Conclusão: Ramos Diferentes na mesma Árvore da Vida 

A diferença fundamental reside na relação com o mundo: 

  • Animais e Natureza possuem inteligências encarnadas, ecológicas e emocionais, forjadas em milhões de anos de co-evolução. Seu "pensamento" é uma dança de percepção e ação no mundo real, visando sobrevivência, florescimento e equilíbrio. 

  • Humanos são parte desse reino, mas amplificaram sua capacidade através da cultura e da linguagem, tornando-se contadores de histórias e modificadores planetários. 

  • Inteligência Artificial é uma ferramenta de abstração.
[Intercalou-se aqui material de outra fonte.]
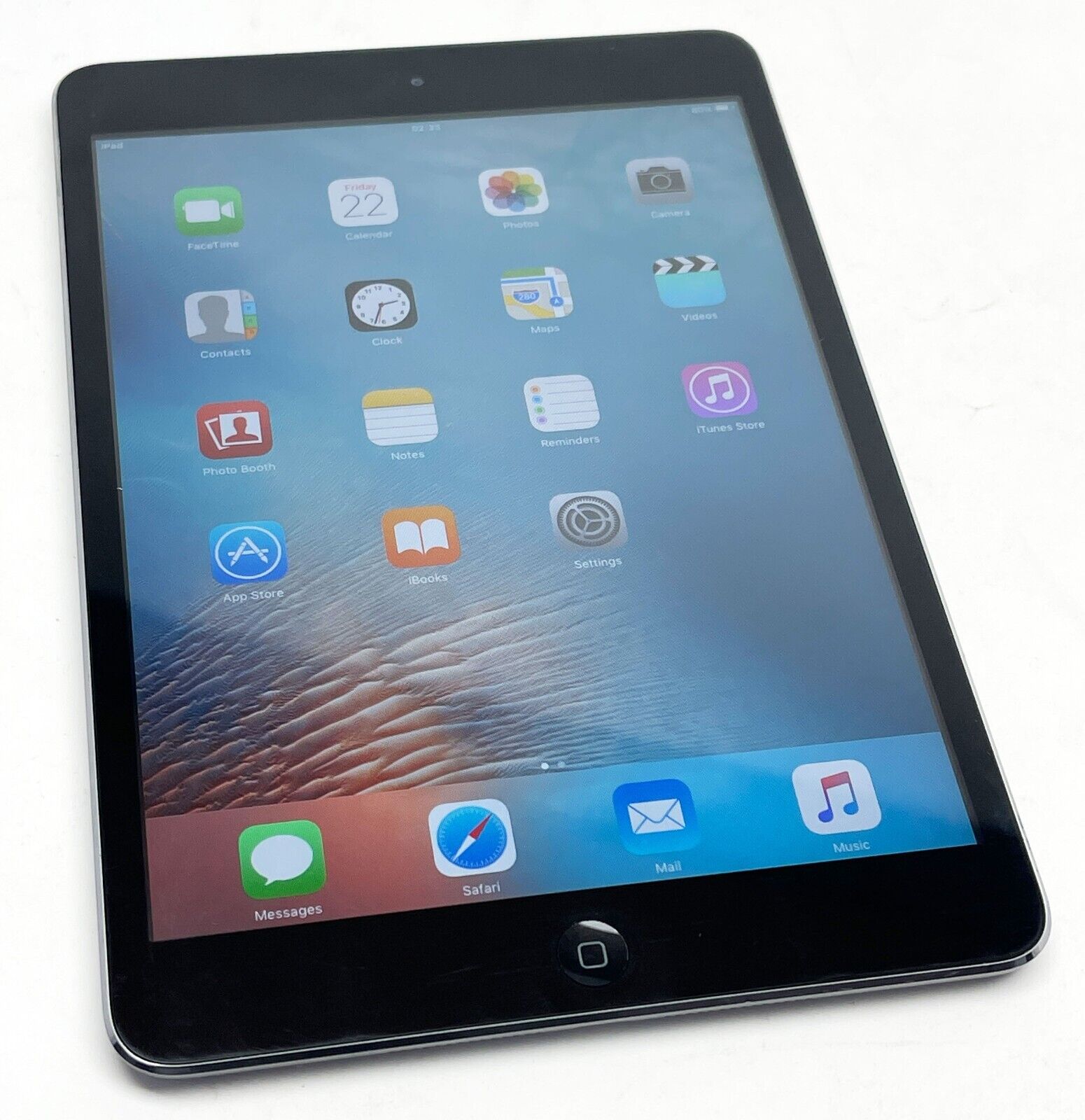 Lot of 10 Apple iPad Min 1st Generation A1432 16GB, 7.9in - Space Gray- Unlocked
É um poderoso espelho de nossa própria lógica, desprovido de experiência subjetiva, contexto corporal ou propósito ecológico. Ela não "pensa" no sentido animal ou natural; ela processa. 

Os autores nos convidam a abandonar a hierarquia e abraçar a diversidade cognitiva. Reconhecer a inteligência profunda no polvo, na floresta e na cultura indígena não é diminuir a humana, mas sim enriquecer nossa compreensão do que significa ser inteligente em um planeta vivo e interconectado. A IA, por sua vez, deve ser entendida como o que é: uma invenção poderosa, porém limitada, que reflete mais sobre nós, seus criadores, do que sobre qualquer forma de consciência autônoma.